What you should do: Copy out, from the data below, each line in which the word "Dress" occurs.

[Caption-style text data]
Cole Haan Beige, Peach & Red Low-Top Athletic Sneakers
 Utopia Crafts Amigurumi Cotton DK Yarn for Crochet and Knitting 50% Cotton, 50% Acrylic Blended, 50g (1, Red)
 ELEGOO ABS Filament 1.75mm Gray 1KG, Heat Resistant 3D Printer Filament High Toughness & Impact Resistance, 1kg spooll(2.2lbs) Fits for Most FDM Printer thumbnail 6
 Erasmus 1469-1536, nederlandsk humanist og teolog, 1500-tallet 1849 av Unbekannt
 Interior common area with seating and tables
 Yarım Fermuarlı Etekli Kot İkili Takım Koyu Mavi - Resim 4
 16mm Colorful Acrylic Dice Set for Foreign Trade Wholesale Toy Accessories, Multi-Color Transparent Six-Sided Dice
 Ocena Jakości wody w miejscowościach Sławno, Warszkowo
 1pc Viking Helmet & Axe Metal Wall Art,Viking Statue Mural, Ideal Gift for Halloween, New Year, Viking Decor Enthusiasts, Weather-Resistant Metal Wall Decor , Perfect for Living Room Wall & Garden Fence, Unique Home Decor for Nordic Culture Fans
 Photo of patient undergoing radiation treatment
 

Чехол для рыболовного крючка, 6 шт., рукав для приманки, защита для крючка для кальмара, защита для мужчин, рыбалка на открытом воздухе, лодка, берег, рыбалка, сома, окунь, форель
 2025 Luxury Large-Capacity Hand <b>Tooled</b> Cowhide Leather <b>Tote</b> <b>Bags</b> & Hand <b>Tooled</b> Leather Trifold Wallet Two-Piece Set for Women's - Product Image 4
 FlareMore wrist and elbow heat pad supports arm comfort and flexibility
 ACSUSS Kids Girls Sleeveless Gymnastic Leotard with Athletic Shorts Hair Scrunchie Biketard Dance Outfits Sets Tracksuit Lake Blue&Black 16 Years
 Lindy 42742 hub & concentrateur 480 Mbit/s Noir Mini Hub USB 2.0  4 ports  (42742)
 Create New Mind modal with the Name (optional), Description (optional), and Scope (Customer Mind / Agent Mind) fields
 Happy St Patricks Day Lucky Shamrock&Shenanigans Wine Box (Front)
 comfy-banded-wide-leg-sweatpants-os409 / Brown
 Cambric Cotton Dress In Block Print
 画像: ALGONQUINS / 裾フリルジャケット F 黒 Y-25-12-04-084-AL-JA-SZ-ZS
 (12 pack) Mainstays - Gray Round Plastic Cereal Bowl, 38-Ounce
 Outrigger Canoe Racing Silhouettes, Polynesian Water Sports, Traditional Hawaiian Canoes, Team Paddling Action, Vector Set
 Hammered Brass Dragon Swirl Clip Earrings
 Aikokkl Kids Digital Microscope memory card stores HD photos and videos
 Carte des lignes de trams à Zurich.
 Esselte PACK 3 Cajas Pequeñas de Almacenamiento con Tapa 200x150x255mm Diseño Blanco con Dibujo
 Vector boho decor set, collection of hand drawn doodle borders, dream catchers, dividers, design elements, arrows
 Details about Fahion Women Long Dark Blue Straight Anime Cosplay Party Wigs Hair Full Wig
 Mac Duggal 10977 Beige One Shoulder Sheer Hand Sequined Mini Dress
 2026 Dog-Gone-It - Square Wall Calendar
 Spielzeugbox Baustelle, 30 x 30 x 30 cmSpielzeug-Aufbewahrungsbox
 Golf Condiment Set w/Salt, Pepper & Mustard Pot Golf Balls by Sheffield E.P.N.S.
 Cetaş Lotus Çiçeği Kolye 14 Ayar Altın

Solved problem:
 Cambric Cotton Dress In Block Print
 Mac Duggal 10977 Beige One Shoulder Sheer Hand Sequined Mini Dress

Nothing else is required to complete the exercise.